Industry Fights Push To Put VAs Under State Securities Regulators Oversight
By
Philadelphia
Insurers and producers are saying variable contracts are well-served with insurance departments overseeing regulation of these products. But as regulators at the summer meeting of the National Association of Insurance Commissioners here heard, there are others who say variable contract sales practices should come under the purview of state securities regulators.
Counted among that number are the North American Securities Administrators Association, the National Association of Securities Dealers, and the Consumer Federation of America, all in Washington; and the Financial Planning Association, Atlanta.
Those who favor keeping sales practices oversight in the camp of insurance regulators include the American Council of Life Insurers, Washington; and the National Association of Insurance and Financial Advisors, Falls Church, Va.
During the summer meeting, the ACLI asked the NAIC to write a letter in support of retaining authority for variable contracts with state insurance departments.

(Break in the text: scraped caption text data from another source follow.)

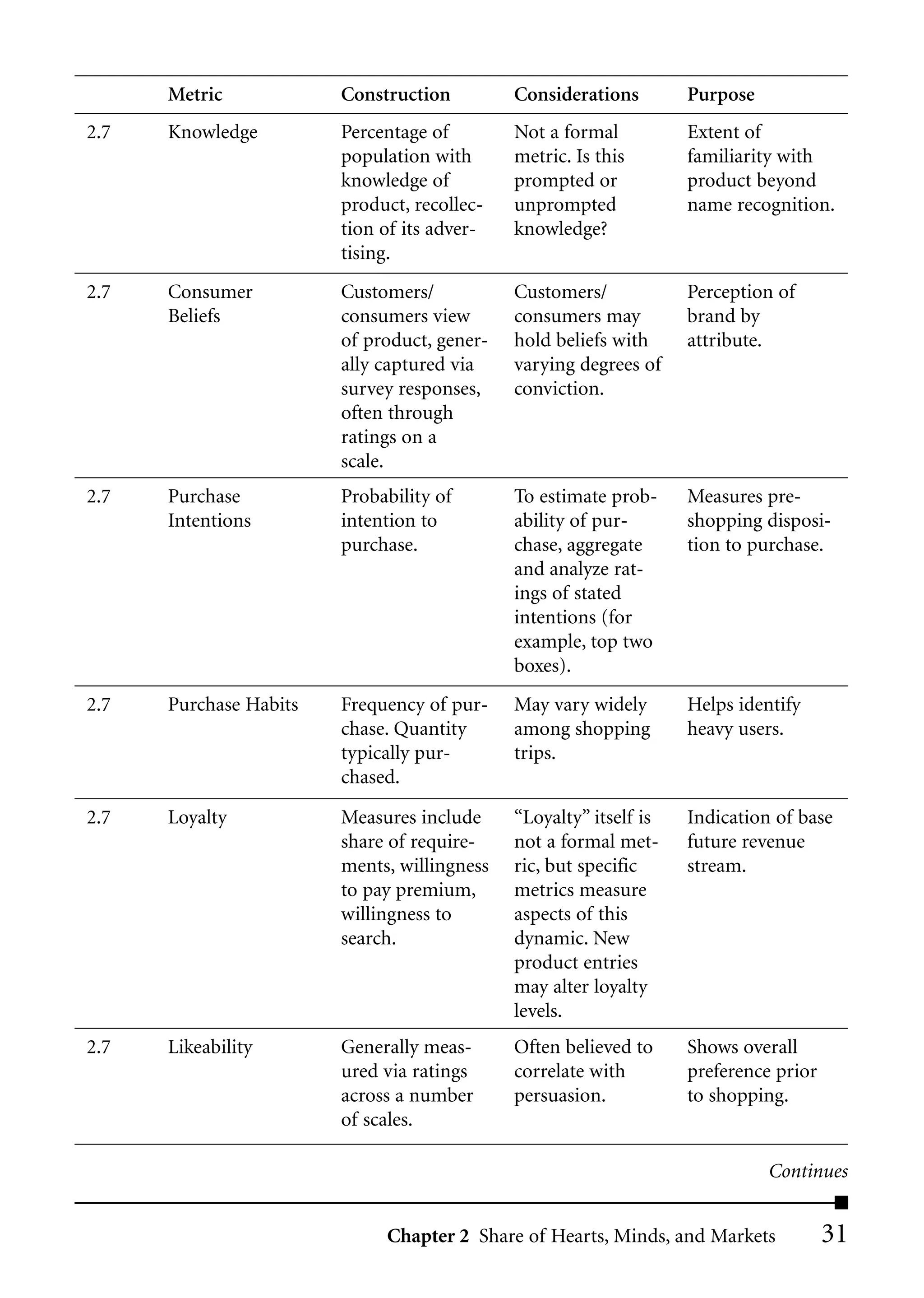 Metric            Construction         Considerations        Purpose
2.7   Knowledge         Percentage of        Not a formal          Extent of
                        population with      metric. Is this       familiarity with
                        knowledge of         prompted or           product beyond
                        product, recollec-   unprompted            name recognition.
                        tion of its adver-   knowledge?
                        tising.
2.7   Consumer          Customers/           Customers/            Perception of
      Beliefs           consumers view       consumers may         brand by
                        of product, gener-   hold beliefs with     attribute.
                        ally captured via    varying degrees of
                        survey responses,    conviction.
                        often through
                        ratings on a
                        scale.
2.7   Purchase          Probability of       To estimate prob-     Measures pre-
      Intentions        intention to         ability of pur-       shopping disposi-
                        purchase.            chase, aggregate      tion to purchase.
                                             and analyze rat-
                                             ings of stated
                                             intentions (for
                                             example, top two
                                             boxes).
2.7   Purchase Habits   Frequency of pur-    May vary widely       Helps identify
                        chase. Quantity      among shopping        heavy users.
                        typically pur-       trips.
                        chased.
2.7   Loyalty           Measures include     “Loyalty” itself is   Indication of base
                        share of require-    not a formal met-     future revenue
                        ments, willingness   ric, but specific     stream.
                        to pay premium,      metrics measure
                        willingness to       aspects of this
                        search.              dynamic. New
                                             product entries
                                             may alter loyalty
                                             levels.
2.7   Likeability       Generally meas-      Often believed to     Shows overall
                        ured via ratings     correlate with        preference prior
                        across a number      persuasion.           to shopping.
                        of scales.

                                                                             Continues


                             Chapter 2 Share of Hearts, Minds, and Markets            31
 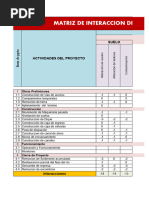 Ejemplo Con Datos de Una Matriz de Valoracion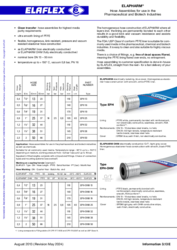 ELAPHARM hose assemblies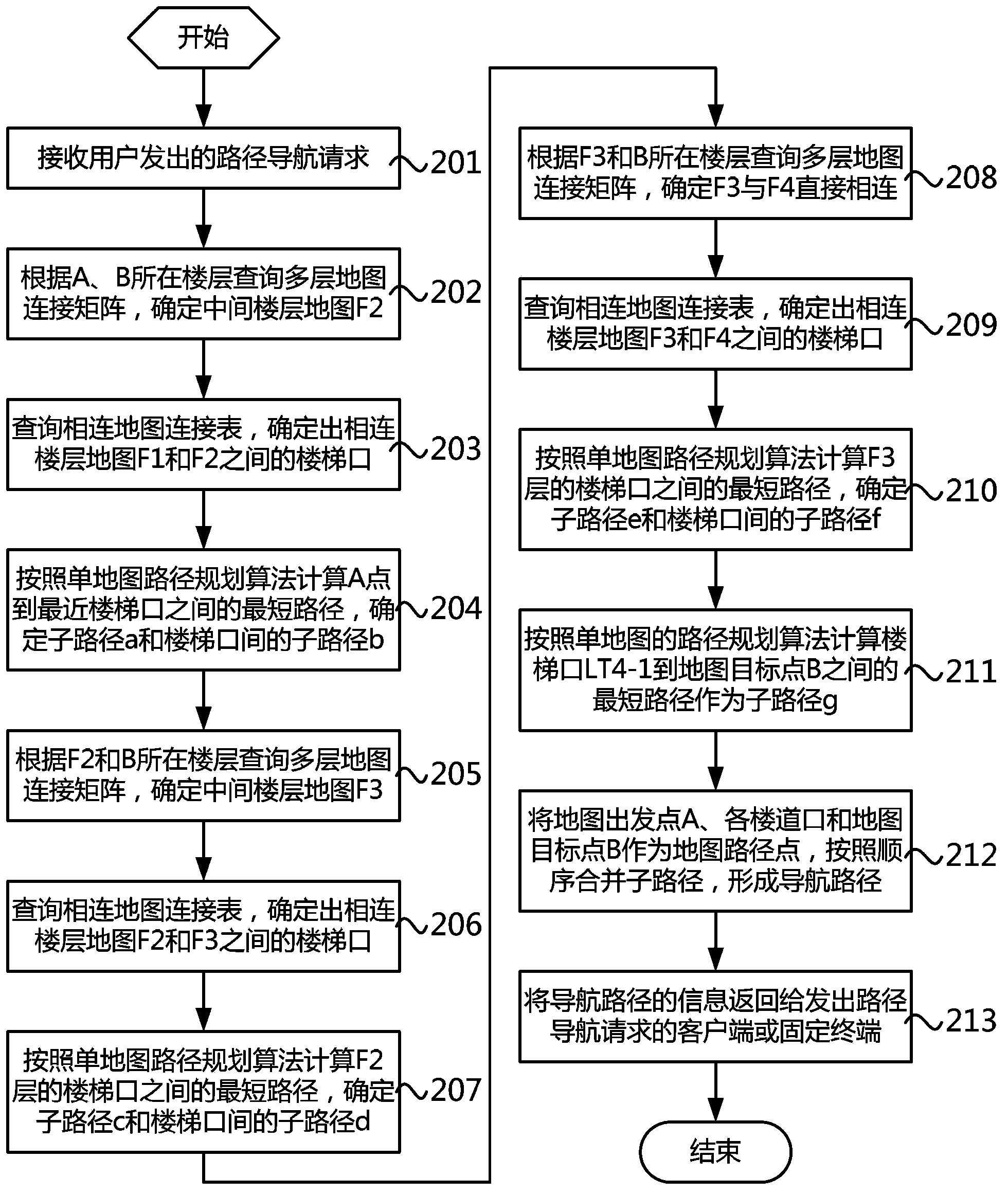 Method and system for navigating indoor paths of maps across floors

A group called the National Conference of Commissioners on Uniform States Laws, Chicago, is set to vote on the issue with its new version of the Uniform Securities Act at the end of July.
Should the new version of the Act be adopted, state legislatures could then take the model and enact it in their states.

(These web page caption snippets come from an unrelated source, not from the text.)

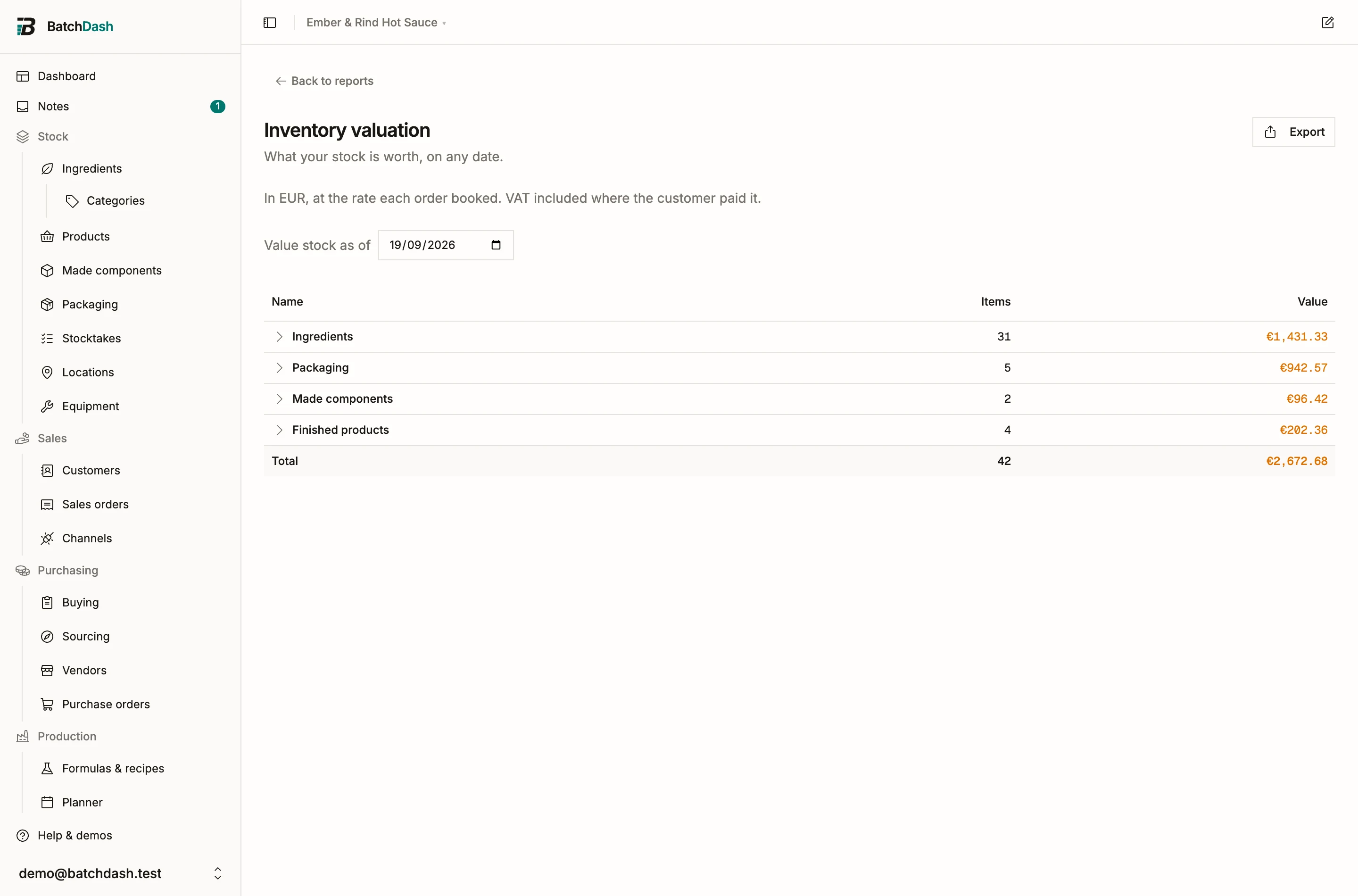 The valuation report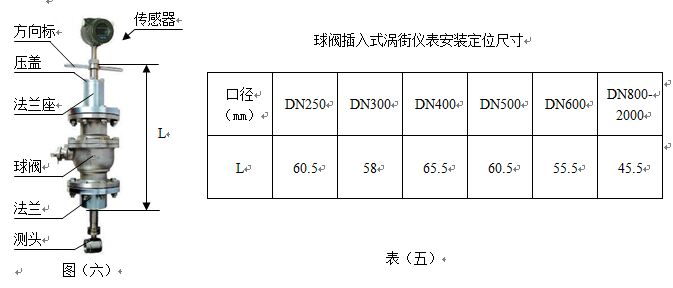 dn25蒸汽流量計(jì)球閥插入式安裝尺寸圖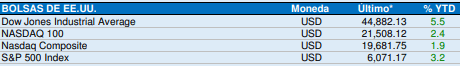 Cierre de indices americanos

Despite ACLIs assertion that immediate NAIC action was needed, regulators said they were not familiar with the issue and would have to look at it before deciding on whether or not to weigh in.
Carl Wilkerson, ACLI chief counsel-securities and litigation, said, "It is incomprehensible that a body of state insurance regulators would stand by and allow them [securities regulators] to take exclusive state jurisdiction and not say anything about it."
Wilkerson said he understands that insurance regulators want to go through the proper procedures, but added, "someone is trying to eat their lunch."